Post by *reg2s » 2016-05-23, 22:07 UTC

If acrhive contains hundreds of files it is impractical to select them one by one in branch view. Also if directory tree was packed, not individual files, it is very hard to reconstruct it, as during unpacking files are put in appropriate "archive version names" subdirectories.

Yes, I thought of dialog option. When archive is opened, list of all revisions should be built. For example, "zpaq l foo.zpaq -all" will give maximum number of updates - N. Then directory tree of in-acrhive view can be built as follows:

dir1: zpaq l foo.zpaq -until 1
dir2: zpaq l foo.zpaq -until 2
...
dirN: zpaq l foo.zpaq -until N

Obviously, that unpacking should be done with "zpaq x foo.zpaq -until <selection>".

I've tried to implement this with MultiArc addon, but it has too limited functionality for this.

User avatar
milo1012
Power Member
Power Member
Posts: 1109
Joined: 2012-02-02, 19:23 UTC

Post by *milo1012 » 2016-05-24, 01:59 UTC

Hacker wrote:but perhaps the config could be stored / edited using the descript.ion of the archive?
Sure, using individual external files might be a solution, though I never was a friend of that concept.
I'm not exactly sure what I would supposed to do with existing descript.ion file entries - append my data somehow?
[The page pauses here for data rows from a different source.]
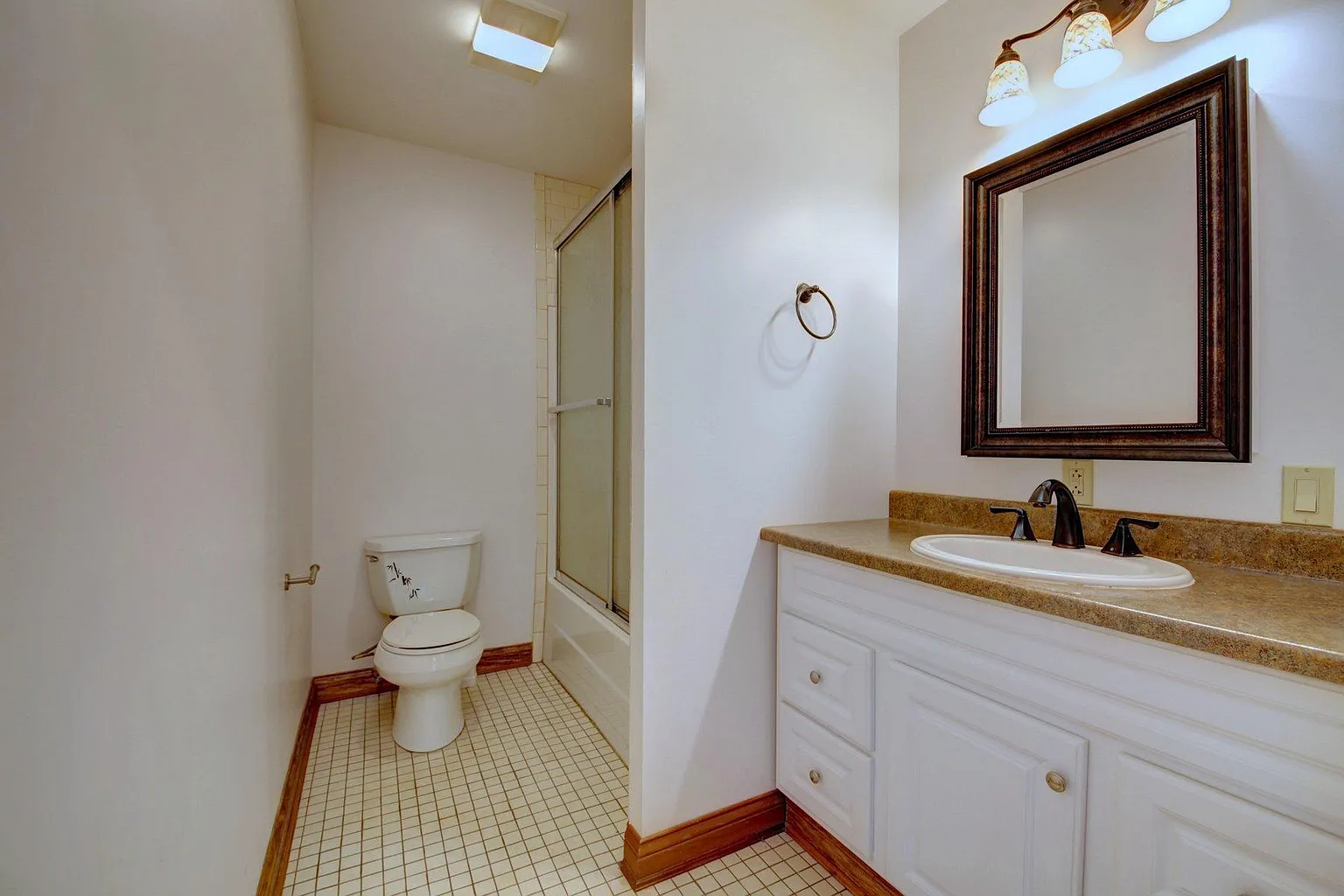 1545 Washington St E #B photo 1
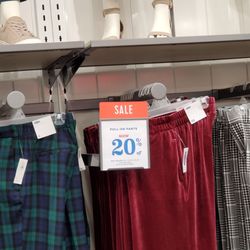 Old Navy - Too many options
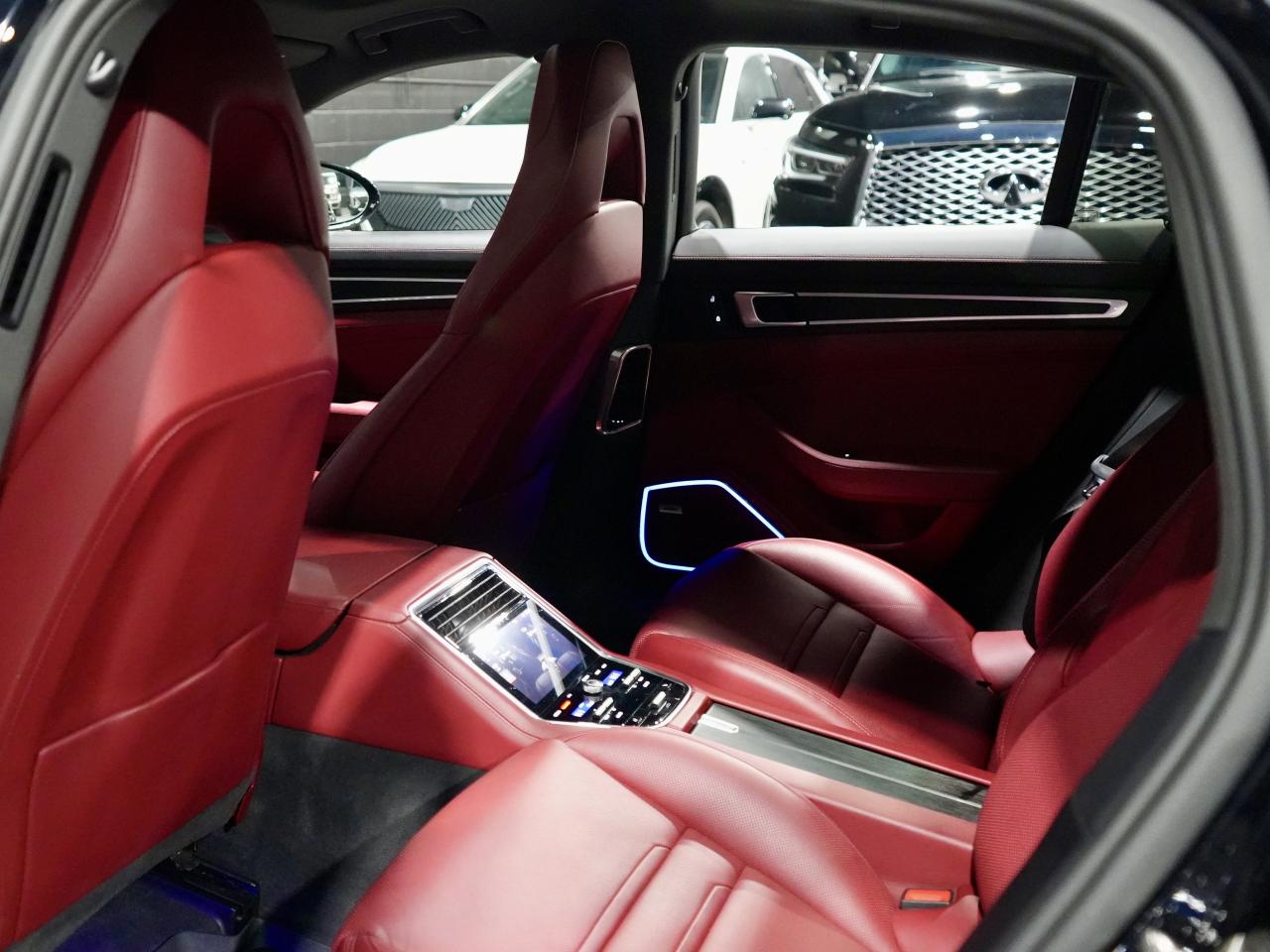 2022 Porsche Panamera 4 E-Hybrid/PANO/BOSE/HUD/360 CAM/21 IN RIM/PDLS Photo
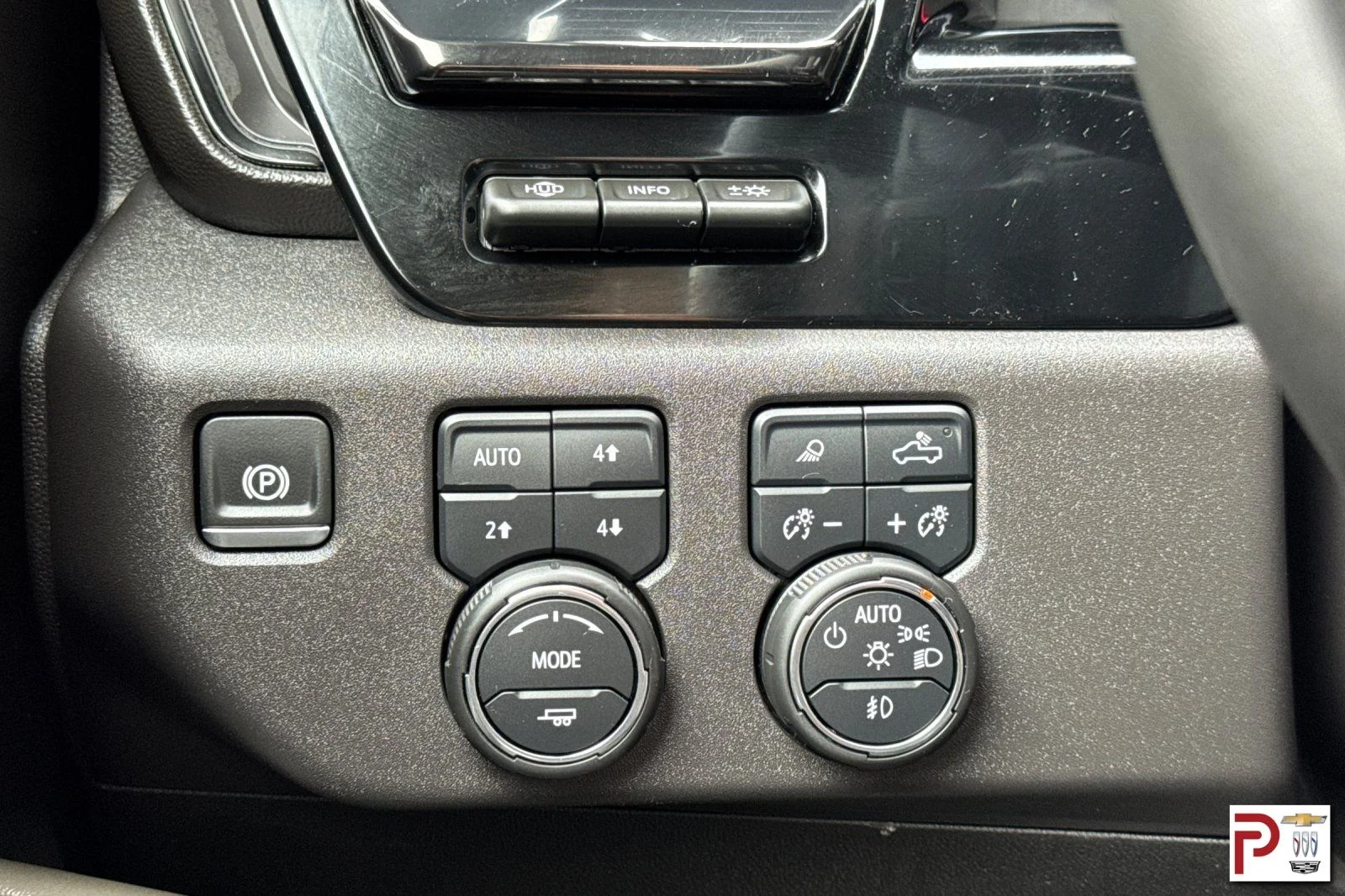 Used 2024 Black Chevrolet ZR2 image 33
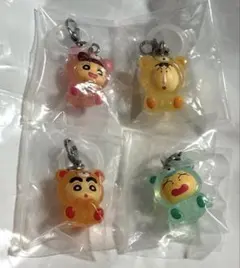 クレヨンしんちゃん みんなでくまパジャマ めじるしアクセサリー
It could break the format.


reg2s wrote:dir1: zpaq l foo.zpaq -until 1
dir2: zpaq l foo.zpaq -until 2
...
dirN: zpaq l foo.zpaq -until N
Unfortunately this is exactly what I can't do in the plug-in, as I can't have multiple zpaq "sessions" under the same archive name/listing.
It was already hard to link all temporary data needed for the wcx interface into one session, but this is just not possible with my current plug-in mechanism, as it would brake most things I've already implemented to filter files, dirs and ADS, plus it would use an extreme amount of memory for large archives and make the internal sorting mechanisms quite slow.
reg2s wrote:If acrhive contains hundreds of files it is impractical to select them one by one in branch view. Also if directory tree was packed, not individual files, it is very hard to reconstruct it, as during unpacking files are put in appropriate "archive version names" subdirectories.
I understand what you mean, but that's why I thought of a mapping of some form. Showing a combination of all possible archive "states" is just not practical for large archives IMO, but somehow selecting a specific version to which you want to list might be possible.

I can think of two solutions for now to apply the "-until" option:
1st
I could check whether you try to unpack a complete "archive version" name dir, i.e. you want to copy dir "00000008" or similar out of the archive.
When this is the case, I would internally apply the "-until" option.
But this is flawed due to wcx restrictions, as TC/wcx needs a valid file listing prior to extraction, and so I can't just extract paths/files that TC didn't request in the first place, as TC e.g. creates all dirs by itself prior to extracting and so you'd possibly end up with empty dirs in the target, not actually belonging there.
I need to test whether this is practically possible without breaking too much.

2nd
Just creating "dummy" entries in the archive listing and let the user request a specific listing, like

Code: Select all

00000001
  \ files
00000002
  \ files
 ...
0000000N
  \ files
untilN
  \00000001
  \00000001\extractme
  \00000002
  \00000002\extractme
  ...
  \0000000N
  \0000000N\extractme
(of course you would still be able to swap the "0000000N" dirs with the "Show archive version names as detailed timestamp" names)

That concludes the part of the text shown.